Due to its impact on the levels of several ‘feel good hormones’, PEA has recently gained popularity as a nutritional supplement that is sold by numerous health stores to improve mood. Its effects are described as an immediate shot of happiness, pleasure, and emotional wellbeing. Feeling happier, more alive and even having a better mood and attitude” Altogether, PEA appears to have a number of positive effects on human health without the risks of its structural relatives.¹?

Serotonin

Finally, the long-awaited, widely recognised neurotransmitter, serotonin. Generally speaking, serotonin does not possess the typical nootropic-esque properties most users are seeking. This is due to the fact, that serotonin generally plays a negative role in memory formation, alertness and arousal levels.¹? It is, however, very important for higher emotional behaviours, recognition and brain function. It plays a very large role in fear extinction behaviours too. Its primary function in the brain is to control mood, appetite, feelings of content and a healthy emotional outlook. It is seen as a very powerful regulatory neurotransmitter that governs a host of behaviours, hormonal secretions, and mental status.¹?

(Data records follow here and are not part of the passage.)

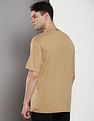 Tommy Hilfiger Monotype Embroidered Archive T-Shirt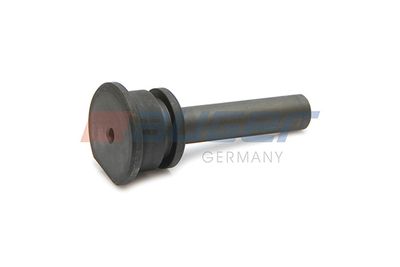 Bolt AUGER 53482
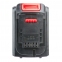 Аккумулятор Li-Ion 18В 1.5Ач для дрели-шуруповерта WT-0328/WT-0331 INTERTOOL WT-0329 2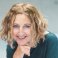 Lecture: Digital education futures by Sian Bayne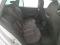 preview Skoda Octavia #5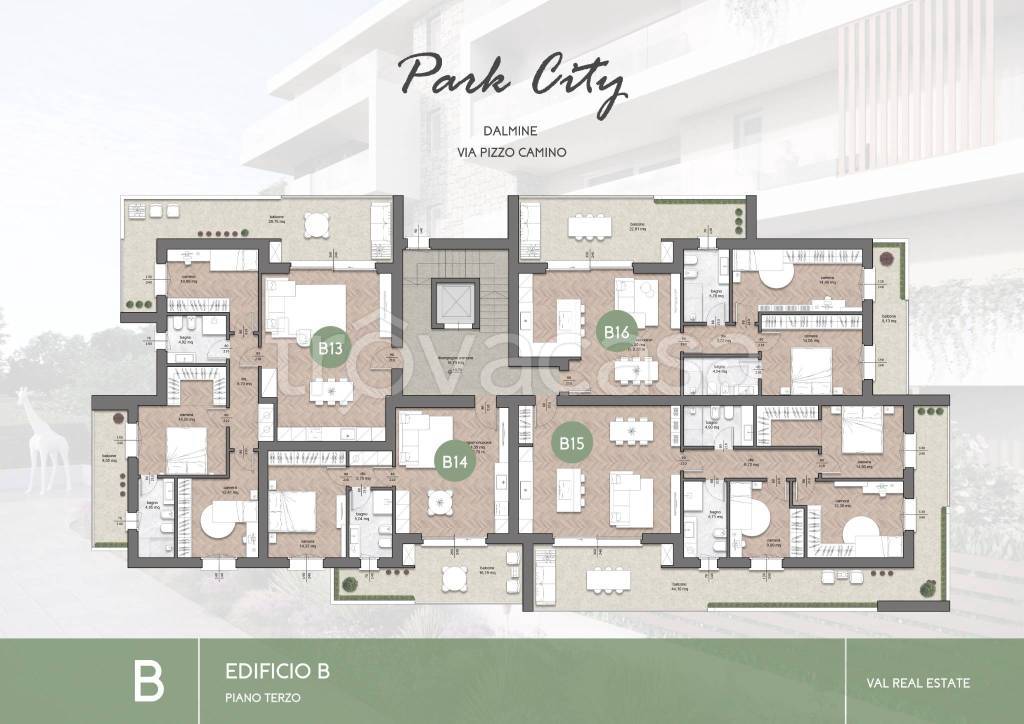 immagine annuncio 9 di 11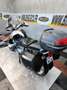 BMW R 1100 R Grau - thumbnail 5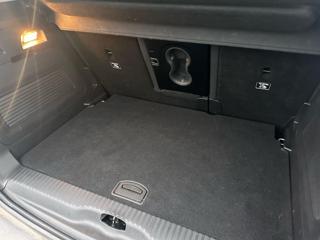 CITROEN C3 Aircross usata, con Cruise Control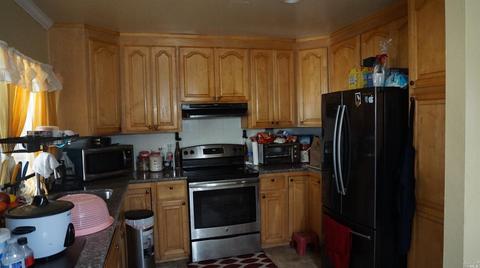 105 Ward Ct, Vallejo, CA 94589 photo 3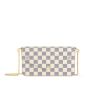 LV Félicie Pochette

Neurotransmitter imbalances and disturbances  

So as you read above, these neurotransmitters work like an orchestra, which governs your behaviour, outlook and mental status. It is important to note that, no single neurotransmitter governs one single function. There are often crossover effects.

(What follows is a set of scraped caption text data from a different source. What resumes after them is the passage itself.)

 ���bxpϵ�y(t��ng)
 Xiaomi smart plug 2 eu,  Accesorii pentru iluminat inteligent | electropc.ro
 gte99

For example, serotonin receptors can heavily influence the release of other neurotransmitters in different parts of the brain. In another example, 5-HT2C receptor antagonists have been shown to increase cortical and striatal dopamine (DA) release, which plays a role in goal-oriented behaviours.¹? This is important to understand for nootropic users, as it reminds us to not be so focused on a single neurotransmitter network.

On another note, ADHD is characterised by dysfunction of the dopaminergic axis.  Thus agents, such as Rhodiola and  L-Theanine may be able to reduce symptoms of ADHD. Studies have found that ADHD is associated with weaker function and structure of prefrontal cortex (PFC) circuits, especially in the right hemisphere. The prefrontal association cortex plays a crucial role in regulating attention, behavior, and emotion, with the right hemisphere specialized for behavioral inhibition. The PFC is highly dependent on the correct neurochemical environment for proper function: noradrenergic stimulation of postsynaptic alpha-2A adrenoceptors and dopaminergic stimulation of D1 receptors is necessary for optimal prefrontal function.¹?

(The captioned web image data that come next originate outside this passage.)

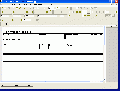 Form Pilot Pro 2.45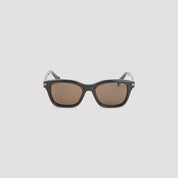 Zegna Eyewear Acetate Sunglasses - MEN ACCESSORIES - ZEGNA EYEWEAR - T.Luxy
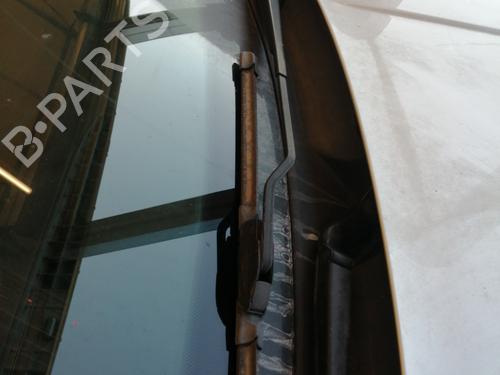 Front windshield wiper arm VW GOLF IV (1J1) 1.9 TDI | BP27217389C143 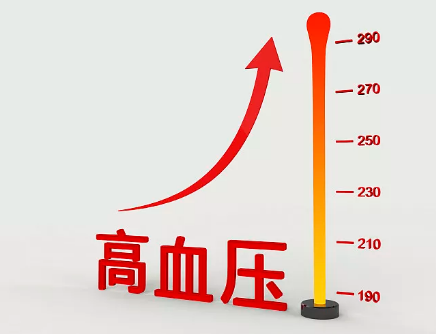 脑出血|血压高的人,“头部”出现4异常,多半是脑出血,最好检查一下脑CT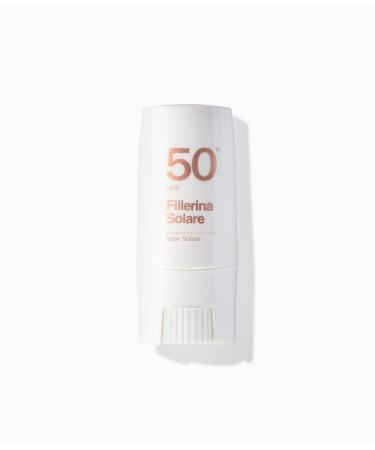 Fillerina Fillerina Solar Stick SPF50+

Reduced GABA activity in humans, is known to possess anxiogenic (anxiety promoting activity), and thus nootropics such as Ashwagandha and L-Theanine appear to possess promise for increasing GABA activity naturally, without causing downregulation or long term issues.

Conclusion

As you have been made aware, the brain is highly sophisticated and can be tweaked and modified in various directions, depending on the input (ie. nootropics). It is important to realise that no single neurotransmitter is responsible for one single outcome. They ALL work together, in different brain regions, and at different receptor sites. Given, the large increase in nootropic research, we are able to deploy these nootropics strategically in order to influence and manipulate our brain function to our favour.

This, of course, requires a high degree of self-awareness, and experience, so it is imperative that all users track how they feel on a daily basis. Interestingly, many nootropics are able to influence a myriad of different neurotransmitter systems, so whilst you may feel like nootropics is only working on one department of your brain, there’s a very good chance it’s acting elsewhere to shape your behaviour and mental outlook.

Remember, knowledge is not power, knowledge is stored power. We hope this information holds you in good stead.